Martin’s director is Dr. Almus Pickerbaugh, head of the Department of Public Health. Forty-eight years old, he looks like Theodore Roosevelt and makes as much as possible of the resemblance. In poetic ability, he likens himself to Longfellow. His health jingles are particularly trite and boring to Martin, though Leora considers them “cute.” The Pickerbaugh family, in addition to the husband and father, consists of the mother and eight “bounding daughters,” the oldest being nineteen-year-old Orchid, who likes men.

Dr. Pickerbaugh is involved in so many extracurricular activities that the list makes Martin’s head swim. The young physician’s life is supposed to follow the same pattern. Leora comments that he has a job that will take twenty-eight hours a day, with the rest of the time for research, barring interruptions.

During an interminable evening at the Pickerbaugh home, when Martin and Leora are overfed and worn to a frazzle with after-dinner games, Orchid takes advantage of the opportunity to become quite familiar with the young doctor.
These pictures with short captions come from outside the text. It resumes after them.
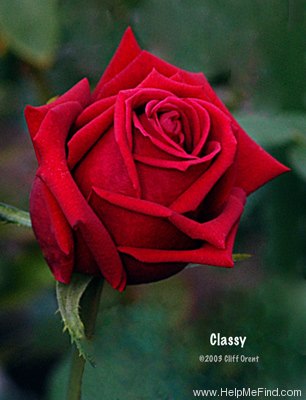 'Classy (hybrid tea, Tracy)' rose photo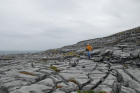 Exposures along margins of country road R477 of Dinantian Burren Limestone Formation. These Carboniferous limestons are composed of shallow water carbonates. Note the clints (limestone blocks) and grikes (joints and fractures) extensively enlarged by Pleistocene dissolution. Topography almost devoid of vegetation, though when it occurs it fills prominent grikes.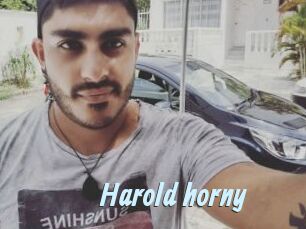 Harold_horny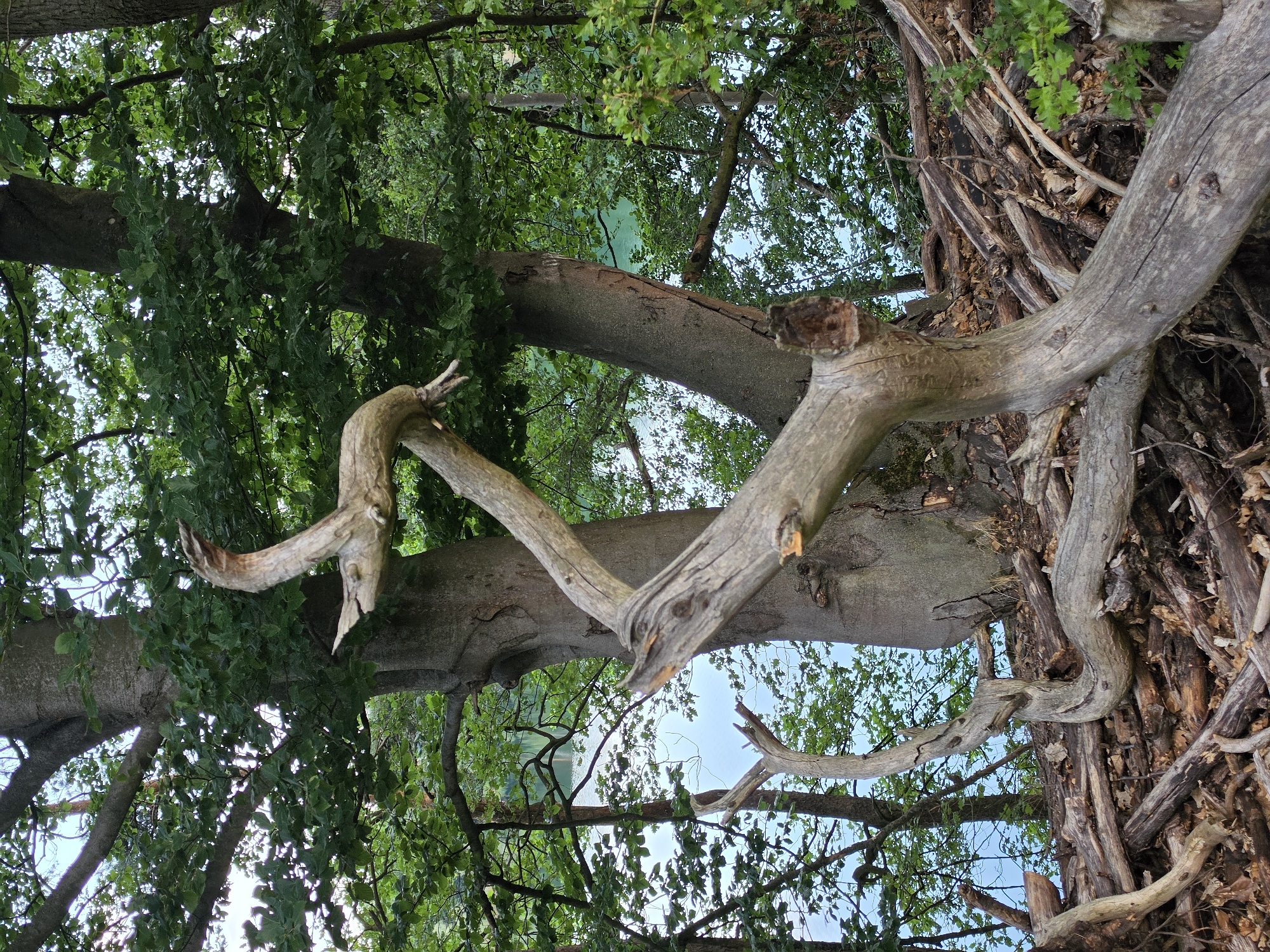 The image depicts a close-up view of a weathered, grey tree trunk in the foreground, with gnarled branches twisting and extending outwards. A body of water, possibly a lake or river, is visible in the background, framed by lush green foliage. The scene appears to be a natural setting, possibly a park or forested area. The specific location in Kelsterbach, Germany, is not discernible from the image itself. There are no people or animals present in the frame. The ground is covered with fallen leaves and debris, further emphasizing the natural, untamed environment. The overall impression is one of organic decay and the serene beauty of nature.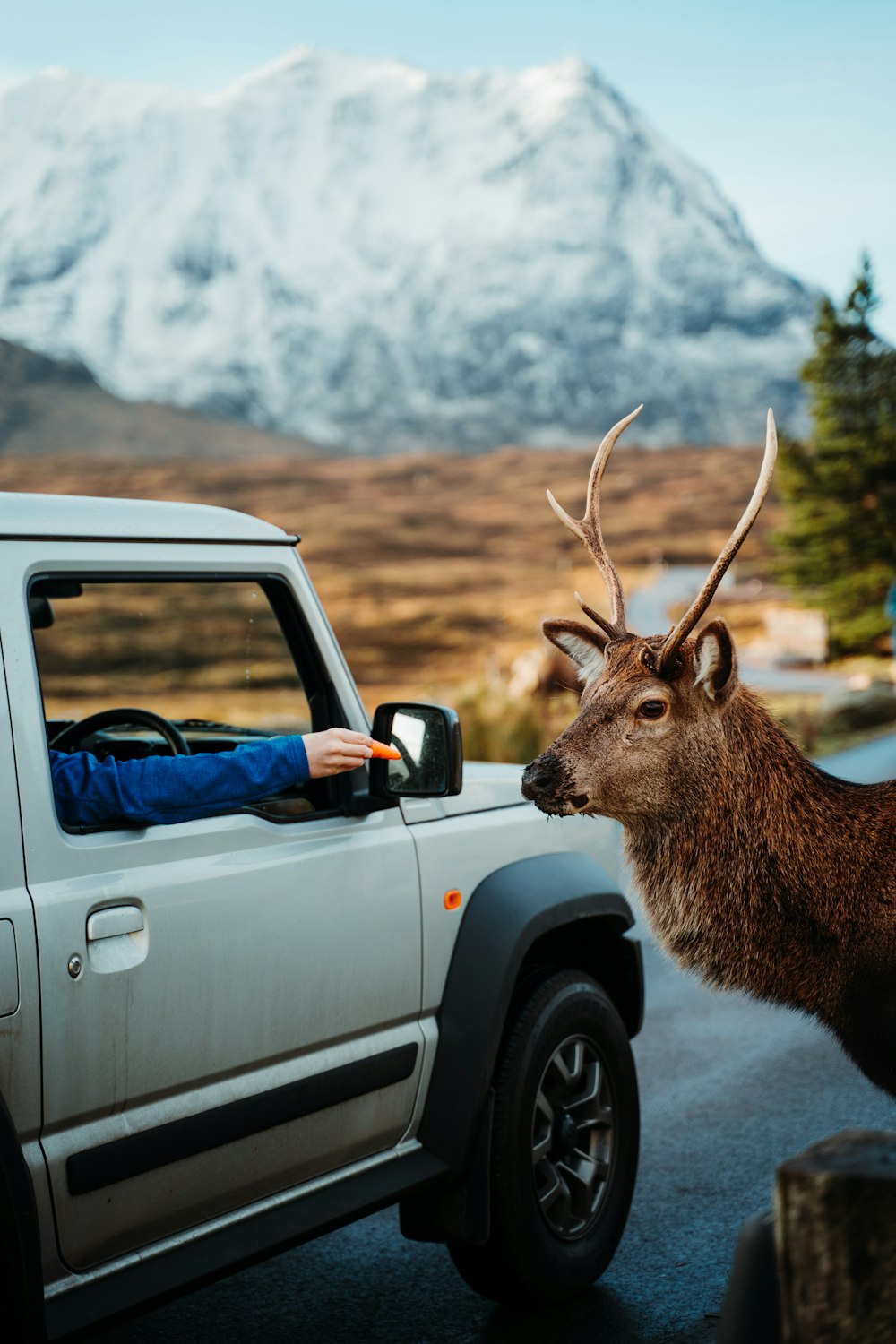 a deer is standing next to a truck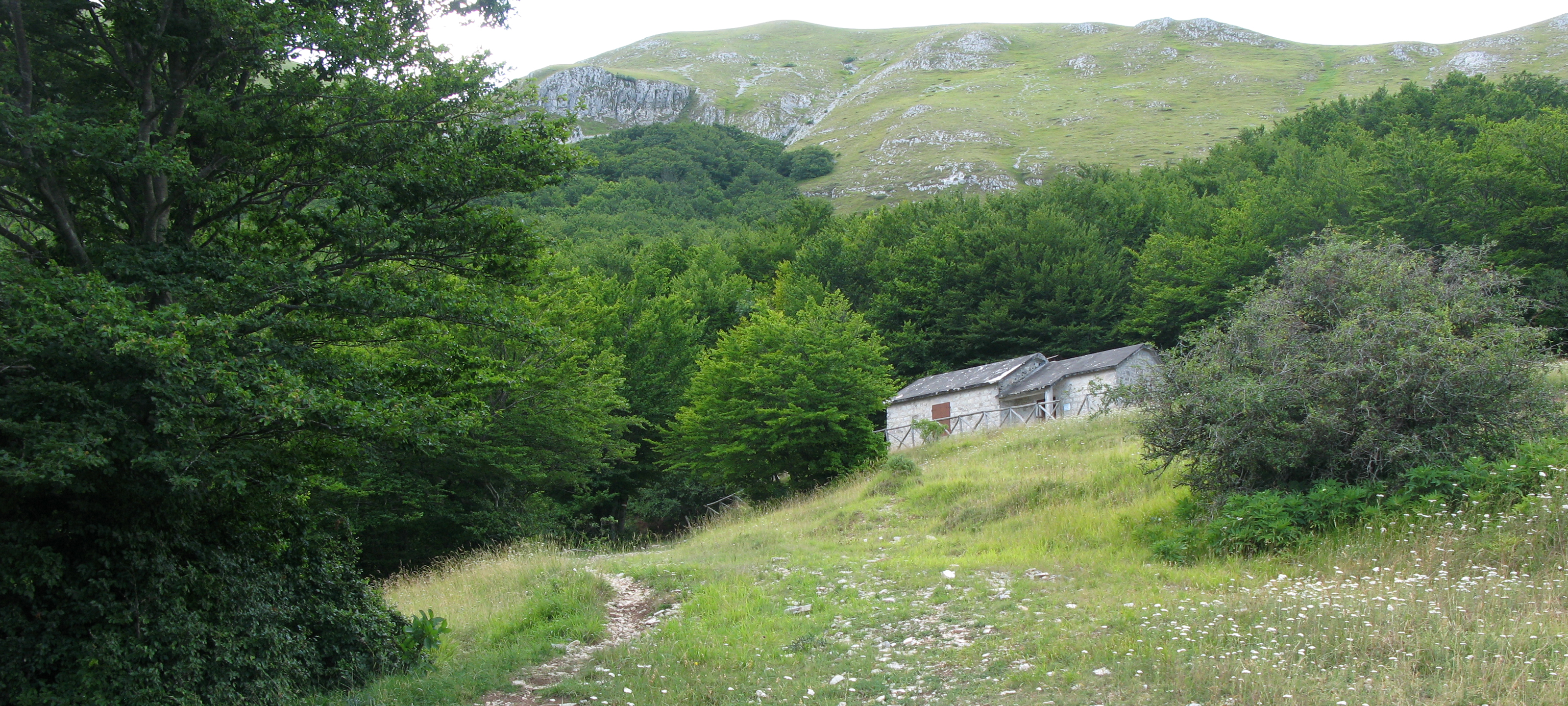 Monte Catria Sentiero 65 - immagine 9 (Rifugio Le Gorghe)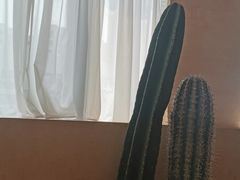 -BURANO布拉诺精选店(双流明城店)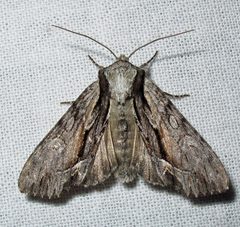 Hyppa xylinoides female by Jacy Lucier. Used under a CC BY-SA 4.0 license.
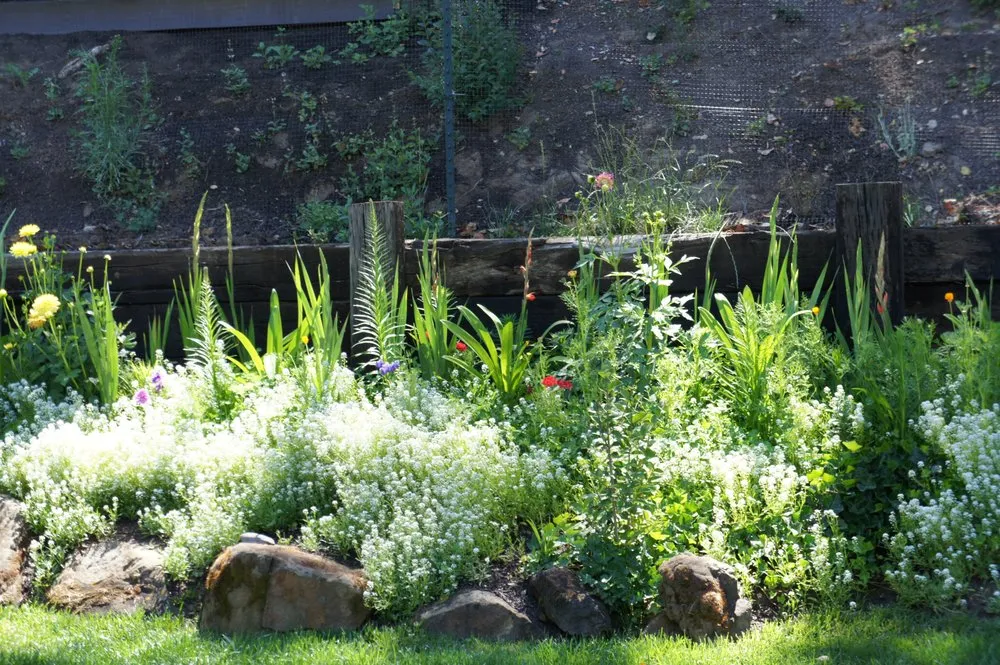 Affordable landscape design for homes across Danville, CA - Waratuke Nursery and Gardening Services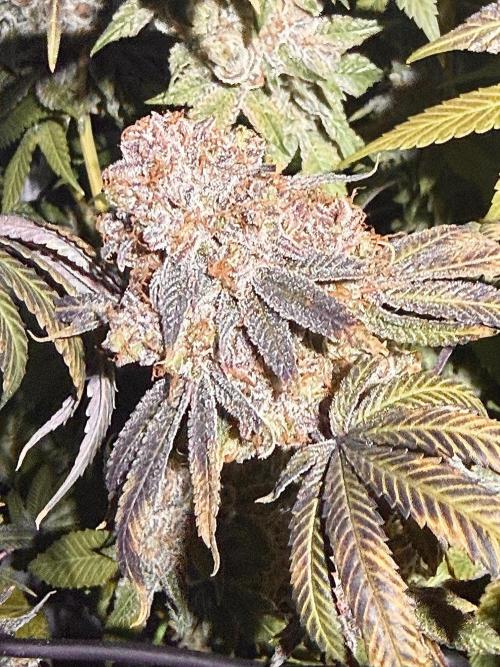 Time for Heavy Hitters. Week 19 - Wildberry Sours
Leora is jealous and on the way home reminds him that he is hers and that she will tolerate no trespassers. Over coffee at an all-night lunch wagon, Martin hears the workingman’s evaluation of Pickerbaugh, which is favorable.

Analysis

Lewis is never nearer Dickens than in this chapter. The very name of Pickerbaugh, with its irony, recalls Micawber, Pecksniff, Chuzzlewit, and a dozen others. The extreme extrovert qualities of the man and the multitude of activities, serious and inconsequential, in which he is involved identify him with the American go-getters, however, already depicted in Babbitt. As a result of the impossible load of duties assigned to him, Martin is almost ready to grab Leora and to take the next train out of town. His better judgment, however, causes him to remain and to try the position for a while, in spite of his disappointment in regard to laboratory work.